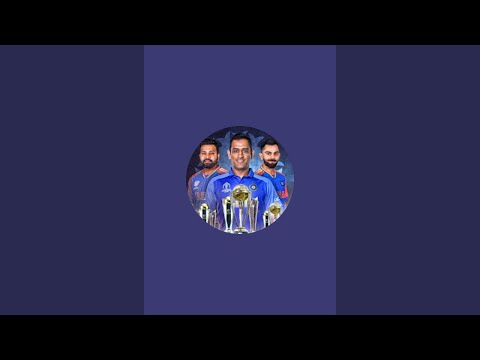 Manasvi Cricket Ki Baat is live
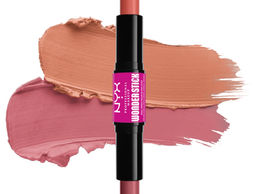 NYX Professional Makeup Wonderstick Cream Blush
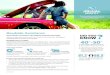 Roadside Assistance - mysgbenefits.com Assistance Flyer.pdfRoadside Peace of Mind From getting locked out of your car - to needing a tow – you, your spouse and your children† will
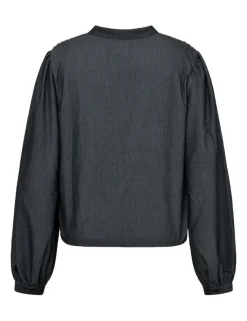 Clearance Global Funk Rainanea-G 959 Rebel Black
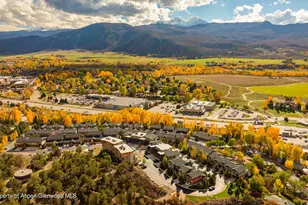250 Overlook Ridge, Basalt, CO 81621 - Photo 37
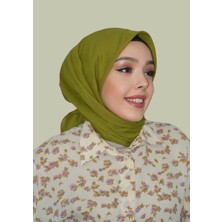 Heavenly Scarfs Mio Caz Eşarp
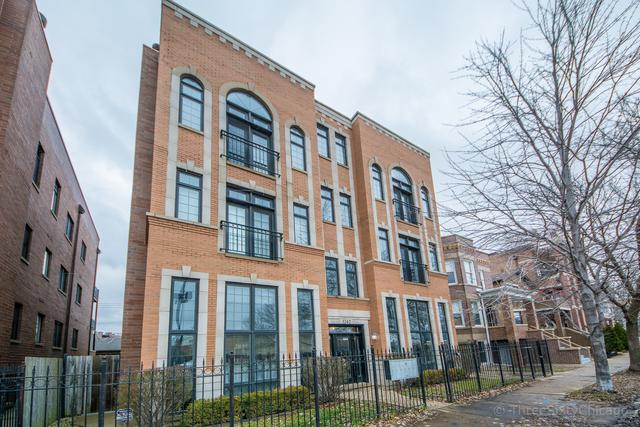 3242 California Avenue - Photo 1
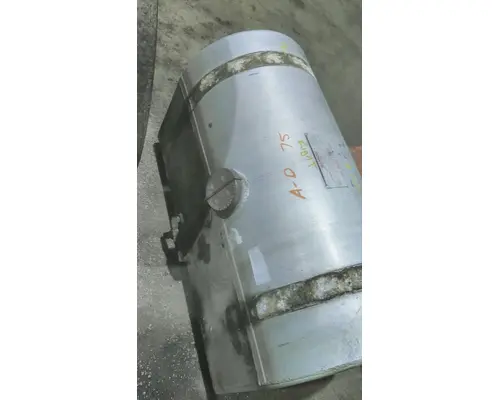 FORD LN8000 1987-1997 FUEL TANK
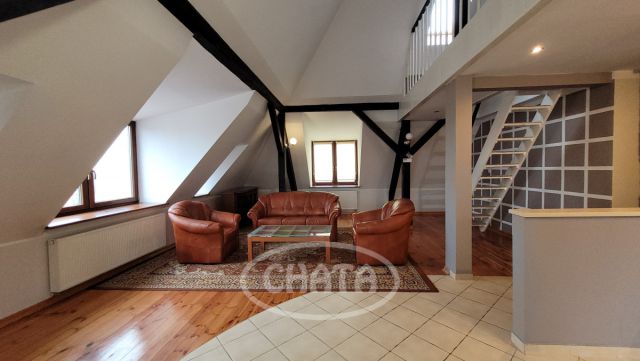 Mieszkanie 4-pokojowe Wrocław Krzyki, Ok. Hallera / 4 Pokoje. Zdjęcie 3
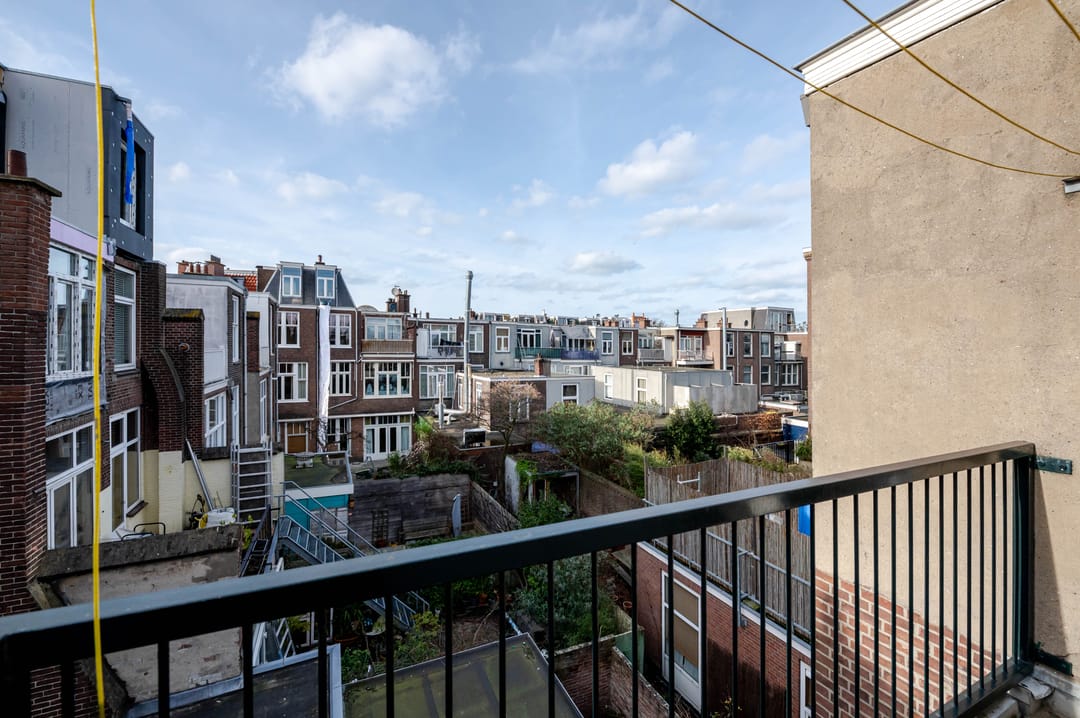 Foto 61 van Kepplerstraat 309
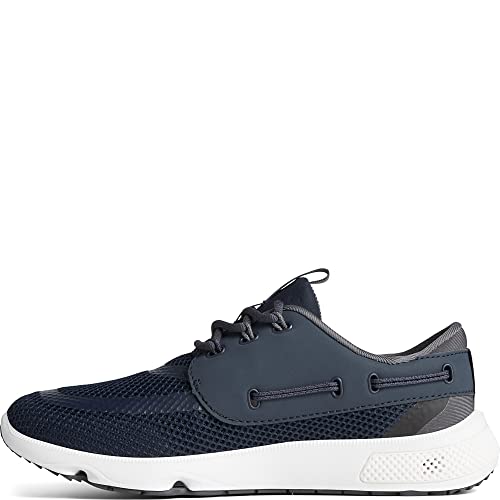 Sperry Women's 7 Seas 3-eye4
----
## YOUR TASK
Your answer must be the lines from the one containing "3242 California Avenue - Photo 1" through the final line of the entries, duplicated exactly, with both ends kept and all pictures left out.

## ANSWER BOX
 3242 California Avenue - Photo 1
 FORD LN8000 1987-1997 FUEL TANK
 Mieszkanie 4-pokojowe Wrocław Krzyki, Ok. Hallera / 4 Pokoje. Zdjęcie 3
 Foto 61 van Kepplerstraat 309
 Sperry Women's 7 Seas 3-eye4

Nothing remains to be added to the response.